On the other hand, my plan was initially to do about six hours of the 10 hour race. On Wednesday it was revealed to me I have a medical issue that will need addressing at some point. The good news was that the doctor didn't even try to talk into skipping the race but managed to talk me into doing about three hours instead. With this plan in hand I headed northwest.
In the start grid we had fun talking about past races, including the Leadville 100. I was even able to get a burning question answered by someone who's raced it. Soon after our conversation the bang of a rife shot sent us running to our bikes in what is called Le Mans-style start. I really like the Le Mans start because how often do you get to start a mountain bike race with a cyclocross mount? Today it went so smoothly that even though my run was more like a jog, I was first to hit the trail. After that bit of fun, I made sure there was room for the faster riders behind to come by and took my place near the back of the group. It wasn't long before the riders ahead were out of sight and there was no evidence of the few riders still behind. One rider stayed with me and as it turned out he would go on to win the long-distance duo event, trading off riding with is buddy for over 9 hours. Together they posted 10 laps in the process. The duo race works by having two people ride every other lap. So every lap my riding companion would change from one 20-something guy on a single speed to a different 20-something guy on a single speed.

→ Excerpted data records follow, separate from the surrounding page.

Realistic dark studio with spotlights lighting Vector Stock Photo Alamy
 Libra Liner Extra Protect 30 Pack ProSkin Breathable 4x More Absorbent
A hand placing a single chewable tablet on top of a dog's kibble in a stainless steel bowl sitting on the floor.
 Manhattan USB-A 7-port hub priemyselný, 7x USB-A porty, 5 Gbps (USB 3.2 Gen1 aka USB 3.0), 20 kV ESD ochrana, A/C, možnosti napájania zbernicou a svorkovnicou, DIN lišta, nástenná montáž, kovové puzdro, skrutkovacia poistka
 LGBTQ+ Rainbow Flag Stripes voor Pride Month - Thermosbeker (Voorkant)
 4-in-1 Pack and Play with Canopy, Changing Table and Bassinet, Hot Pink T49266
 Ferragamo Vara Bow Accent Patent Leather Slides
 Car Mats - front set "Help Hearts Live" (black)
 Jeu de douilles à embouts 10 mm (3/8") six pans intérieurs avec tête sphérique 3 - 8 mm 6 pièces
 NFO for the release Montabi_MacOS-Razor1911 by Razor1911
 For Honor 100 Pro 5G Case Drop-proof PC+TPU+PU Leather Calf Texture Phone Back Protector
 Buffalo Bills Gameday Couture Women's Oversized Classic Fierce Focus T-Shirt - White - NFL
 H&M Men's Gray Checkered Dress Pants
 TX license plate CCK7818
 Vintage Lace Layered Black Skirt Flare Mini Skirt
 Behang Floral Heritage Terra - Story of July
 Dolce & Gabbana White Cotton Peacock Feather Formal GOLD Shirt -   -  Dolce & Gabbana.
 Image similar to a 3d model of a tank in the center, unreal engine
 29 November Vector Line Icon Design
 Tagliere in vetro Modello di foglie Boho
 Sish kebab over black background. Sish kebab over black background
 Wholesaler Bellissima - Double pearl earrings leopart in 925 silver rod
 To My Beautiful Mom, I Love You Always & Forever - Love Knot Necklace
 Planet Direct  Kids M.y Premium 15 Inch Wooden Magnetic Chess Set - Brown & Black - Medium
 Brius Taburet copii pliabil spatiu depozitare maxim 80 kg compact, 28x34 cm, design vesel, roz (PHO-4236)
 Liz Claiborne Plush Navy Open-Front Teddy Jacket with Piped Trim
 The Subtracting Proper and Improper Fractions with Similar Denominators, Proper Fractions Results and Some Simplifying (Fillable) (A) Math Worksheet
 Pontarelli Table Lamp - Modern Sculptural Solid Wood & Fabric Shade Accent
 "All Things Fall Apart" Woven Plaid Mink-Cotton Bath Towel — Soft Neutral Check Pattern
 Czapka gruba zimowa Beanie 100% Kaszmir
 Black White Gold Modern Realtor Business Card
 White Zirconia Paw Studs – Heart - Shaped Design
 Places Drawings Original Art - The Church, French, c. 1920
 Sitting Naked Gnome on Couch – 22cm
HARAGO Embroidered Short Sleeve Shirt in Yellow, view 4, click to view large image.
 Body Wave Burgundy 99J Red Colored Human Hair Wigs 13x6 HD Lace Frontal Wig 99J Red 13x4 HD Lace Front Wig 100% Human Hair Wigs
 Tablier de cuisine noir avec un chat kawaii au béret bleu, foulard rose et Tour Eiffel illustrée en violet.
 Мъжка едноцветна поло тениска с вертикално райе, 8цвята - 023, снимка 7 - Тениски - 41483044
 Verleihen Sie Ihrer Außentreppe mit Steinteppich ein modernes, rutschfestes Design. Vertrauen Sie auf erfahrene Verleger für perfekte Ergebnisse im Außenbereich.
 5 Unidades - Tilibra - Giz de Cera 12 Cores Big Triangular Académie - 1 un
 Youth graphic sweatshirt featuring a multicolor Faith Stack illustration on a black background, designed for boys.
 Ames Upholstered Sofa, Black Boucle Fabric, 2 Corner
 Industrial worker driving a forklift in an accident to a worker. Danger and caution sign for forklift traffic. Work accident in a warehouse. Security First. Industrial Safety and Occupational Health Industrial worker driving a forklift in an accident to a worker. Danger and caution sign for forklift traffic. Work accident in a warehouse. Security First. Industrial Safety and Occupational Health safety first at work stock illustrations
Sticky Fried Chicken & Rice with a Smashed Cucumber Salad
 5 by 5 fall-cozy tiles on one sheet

The course was in excellent condition. Only the spots that were muddy are typically muddy. In fact, the muddy stretches seemed shorter than last year when the rest of the track was dusty. The lack of dust made conditions ideal and allowed me to clean the tough northface climb 3 out of 4 attempts. The long race started at 9 AM, the mid-distance race at 1 PM and the short starts at 3 PM. Racers from these later races made their way out to some of the more technical sections to see the strategies we were using in the long race. There was one spot with a double drop that was of particular interest to people. I used the "if it looks like it can hurt you, roll over it" rule. It was just one of things where there was a tiny line between rocks you could ride to avoid a drop. Alternatively, you can take a more natural line, roll the rocks and take the drop. I always did the later even on the one occasion my intent was to try the gap. In the moment it was just not a good place to force a different line being on the edge of the parks largest rock outcrop. That right there is why these races are so great. I've learned so much by doing these -- biking over and through technical challenges for hours teaches in a way you'll never forget. This particular course is predominantly flow, making it a joy to ride. It's nearly all single track with some perfectly straight and smooth sections but none lasting more than 50 years. The northface climb is no joke but much easier this year thanks to the lack of dusty sand. It's steep, rooty and rocky. The descent off the northface is attention getting for sure, being both technical and edgy. There are 4 climbs, I think. One is hardly anything as it winds up one of the several monadnocks that dot the region. The two that require some muscle to top come right near the start and just before the finish. Cleaning these climbs was one of the joys of the day.
Not surprisingly doing 3.5 hours of a 10 hour race had me finishing last. Still I finished 10th. There are no age groups just gender and distance divisions. There were only 10 men in the long distance race which is pretty much what one should expect when they go camping with a few friends.
Finally I'll remind my teammates that you can race duo's of any distance (long, mid or short). The short race is generally three hours. Races are scored by how many laps are completed in the fastest time within the time limit. Laps which are completed after the time limit are not counted. Some of the WEMS events are fixed distance but most use this time format. See wemseries.com for details.